Hotel Business Benefits
Ahmed challenged the notion that doing good compromises business performance.
"The travel sector accepts that there's a trade-off between doing well and doing good far too easily," Ahmed said. "The fact that two of our Impact Trailblazers properties — Rosewood Hong Kong and Rosewood São Paulo — were recently featured in the latest 50 Best Hotels list shows that there's definitely not a trade-off in delivering luxury and having a positive social impact."
The efforts can also translate into enhancing guest loyalty.
"Luxury is a feeling," Ahmed said. "It's about the connection we create with our guests, and this can be fostered even without spelling out the social impact piece."
"If you've stayed at Rosewood Mayakoba, you'll know that each guest receives a beautiful little, colorful, folklore animal representative of Mayan culture," Ahmed said. "Guests have commented positively on these figurines.
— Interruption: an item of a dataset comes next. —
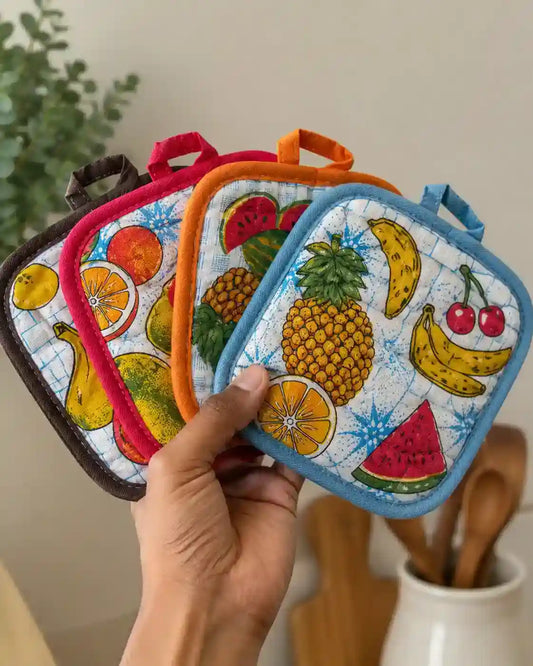  Premium quilted cotton pot holder with colorful fruit print, heat resistant kitchen hot pad for safe cooking.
But what most don't know is that these figures are special because they are carved through a partnership with a social enterprise that hires women recovery from domestic abuse."
Rosewood executives also believe that hotels with a social impact work have a better chance of attracting and retaining top talent.
"The pandemic has accelerated this trend of people wanting to know that the work that they are doing most of the hours of their day is doing something positive for the world," Ahmed said.